La ilusión de la propiedad sobre nuestros mensajes digitales
Vivimos con la falsa sensación de que esos bytes nos pertenecen. Pero la verdad es que WhatsApp es un ecosistema cerrado donde tus mensajes están blindados por el cifrado de extremo a extremo, algo que es genial para la privacidad pero un dolor de cabeza cuando quieres sacar la información fuera de sus muros. El tema es que la mayoría de los usuarios confunde realizar una copia de seguridad en Google Drive o iCloud con el hecho de descargar una conversación completa de WhatsApp para leerla en un ordenador. No son lo mismo.
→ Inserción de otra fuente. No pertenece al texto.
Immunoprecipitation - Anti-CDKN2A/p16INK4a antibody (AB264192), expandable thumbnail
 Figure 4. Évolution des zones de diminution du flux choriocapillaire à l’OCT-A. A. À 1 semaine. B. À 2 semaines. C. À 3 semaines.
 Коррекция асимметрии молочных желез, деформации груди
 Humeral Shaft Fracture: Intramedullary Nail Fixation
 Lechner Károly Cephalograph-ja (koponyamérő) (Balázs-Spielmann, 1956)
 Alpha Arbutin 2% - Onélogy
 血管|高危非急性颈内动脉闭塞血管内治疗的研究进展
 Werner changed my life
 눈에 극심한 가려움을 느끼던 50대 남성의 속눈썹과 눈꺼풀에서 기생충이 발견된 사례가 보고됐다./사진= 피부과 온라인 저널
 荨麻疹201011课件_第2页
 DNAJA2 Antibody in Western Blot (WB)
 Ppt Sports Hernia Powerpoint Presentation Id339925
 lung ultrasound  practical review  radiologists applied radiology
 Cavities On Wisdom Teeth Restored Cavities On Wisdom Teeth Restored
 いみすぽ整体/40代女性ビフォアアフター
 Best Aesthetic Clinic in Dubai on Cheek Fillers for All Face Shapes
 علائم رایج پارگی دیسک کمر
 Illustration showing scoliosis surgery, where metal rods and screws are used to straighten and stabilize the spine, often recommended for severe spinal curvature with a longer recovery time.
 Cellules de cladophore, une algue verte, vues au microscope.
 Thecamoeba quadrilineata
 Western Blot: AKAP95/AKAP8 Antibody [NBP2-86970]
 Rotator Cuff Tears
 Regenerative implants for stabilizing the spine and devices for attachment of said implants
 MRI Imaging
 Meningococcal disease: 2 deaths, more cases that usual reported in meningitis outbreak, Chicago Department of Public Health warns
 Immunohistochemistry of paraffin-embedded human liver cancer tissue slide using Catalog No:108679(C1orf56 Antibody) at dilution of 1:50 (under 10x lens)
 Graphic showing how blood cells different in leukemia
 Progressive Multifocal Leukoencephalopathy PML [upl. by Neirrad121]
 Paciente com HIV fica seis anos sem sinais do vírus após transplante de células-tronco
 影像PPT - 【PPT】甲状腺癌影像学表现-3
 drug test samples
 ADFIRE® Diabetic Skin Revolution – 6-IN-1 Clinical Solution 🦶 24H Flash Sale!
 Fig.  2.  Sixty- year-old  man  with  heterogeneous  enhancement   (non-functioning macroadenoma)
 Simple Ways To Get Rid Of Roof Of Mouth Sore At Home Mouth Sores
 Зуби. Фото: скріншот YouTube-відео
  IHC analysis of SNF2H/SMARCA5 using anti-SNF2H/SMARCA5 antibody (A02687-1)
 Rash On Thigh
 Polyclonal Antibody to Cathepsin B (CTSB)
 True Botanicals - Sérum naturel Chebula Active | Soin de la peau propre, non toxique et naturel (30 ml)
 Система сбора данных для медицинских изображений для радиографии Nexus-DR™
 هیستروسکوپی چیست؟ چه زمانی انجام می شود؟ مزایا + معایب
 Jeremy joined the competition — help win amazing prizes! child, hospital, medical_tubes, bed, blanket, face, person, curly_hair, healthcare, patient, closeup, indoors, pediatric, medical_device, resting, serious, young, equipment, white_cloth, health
La diferencia entre backup y exportación manual
Un backup es un archivo empaquetado y encriptado. No puedes abrirlo para cotillear qué dijiste en 2018; solo sirve para que la propia app lo restaure en un teléfono nuevo. Por otro lado, la exportación es el acto de transformar esos datos en algo legible, usualmente un archivo .txt que carece de la estética visual de las burbujas de chat. Aquí es donde se complica la historia para el usuario medio. ¿Por qué WhatsApp nos lo pone tan difícil si los datos son nuestros? La respuesta oficial roza siempre la seguridad, aunque yo sospecho que también hay un interés comercial en que nunca abandones su interfaz.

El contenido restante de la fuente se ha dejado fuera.